OV is getting ready to release a new book this month, right? Can you talk a little about Zoe Zolbrod and her first book Currency?
This novel has been a long time in coming, and I’ve been acquainted with it since the late 1990s. I fell in love with it in a writing group when I was still in grad school. I thought Zoe was going to make a million dollars and become a rock star with Currency, that’s how much I loved it and the other people in our writing group loved it. But the publishing world being what it is, that’s not what happened . . .
I think a lot of editors in New York were spooked by the fact that half the novel is narrated by a Thai man, Piv, whose English is not perfect and has a heavy Thai flavor. I mean, it’s a big chance to take, I admit. Publishers might think, What if this isn’t authentic? What if it offends someone? What if some reviewer says they don’t buy it and suddenly that is the party line? Editors at the big houses have shareholders to answer to and they’re not big on risk. They don’t live by their guts anymore. But I felt like I knew Piv in a way that transcended politically correct rules like that. He was one of the best characters I’d ever read in contemporary fiction. That’s not to downplay Robin, his American lover, who is an extremely strong and complicated character herself. But I felt like Piv was someone I had never met before on the page. When Zoe’s novel started getting rejected and agents started walking away, I was stunned.
At that time, I ran a magazine, not a press. Then later, when I launched the press, we published books of short fiction exclusively. Only a little over a year ago did Stacy and I decide to launch the Morgan Street International Novel Series, and we kept getting all these submissions . . . but I couldn’t get Piv out of my head. I hadn’t even seen Zoe in a couple of years, and Stacy had never read the novel, so I was terrified of getting Zoe’s hopes up and not coming through—I knew she’d been through enough with this project. But I had to ask her for the manuscript so Stacy could read it. I think I was as nervous as she was, waiting. Luckily Stacy fell as deeply in love with this work as I had, and that was that.
How does Currency represent OV’s mission statement?
The Morgan Street International Novel Series grew out of an anthology we did in 2007, that Stacy edited, A Stranger Among Us: Stories of Cross Cultural Collision and Connection. That book featured thirty writers from all over the world, some published for the first time in English and others already major writers like Josip Novakovich, Nathan Englander, Etgar Keret. In that book, we made an explicit point of defining “culture” through relationships—in other words, while Nepalese culture may be very interesting to an outsider, it is not exotic or even always thought of as “culture” per se, by people in an insular community within Nepal, if that makes sense. A lot of books have explored this-or-that culture, which is important, but we wanted to explore culture as a more shifting, active thing, defined by people interacting and realizing their differences, in both positive and negative ways, and grappling that to figure out who they are. Zoe’s novel fits in with that way of exploring culture perfectly.

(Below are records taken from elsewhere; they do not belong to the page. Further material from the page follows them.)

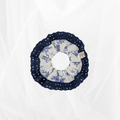 Chouchou - Imprimé poétique bleu & broderie anglaise marine Atelier Maellem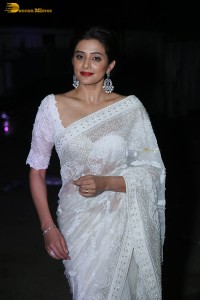 indian actress priyamani in a white saree at a movie function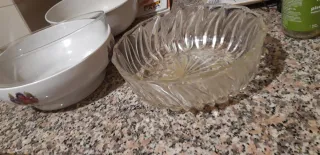 Set Insalatiere Ceramica e Vetro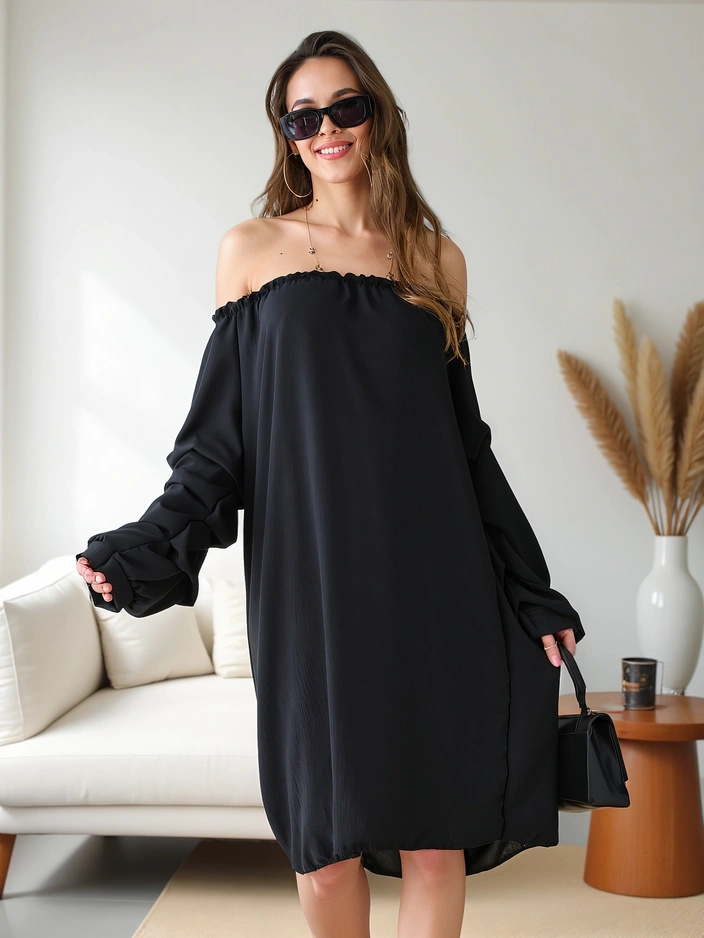 Resti Smooth women's dress a la Spanish with frills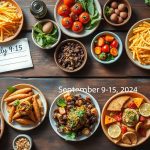 Menu de la semaine : 7 jours de recettes faciles et gourmandes (9-15 septembre 2024)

At the magazine, we’d always had an interest in international fiction, but through the anthology project we really realized we wanted to keep going with it—that we didn’t feel like the dominant publishing industry was offering enough fiction set outside the United States, only a few heavily promoted titles a year that became “the” Indian novel or “the” Afghani novel, etc. We wanted to provide more options, even if in a limited way given the size of our list.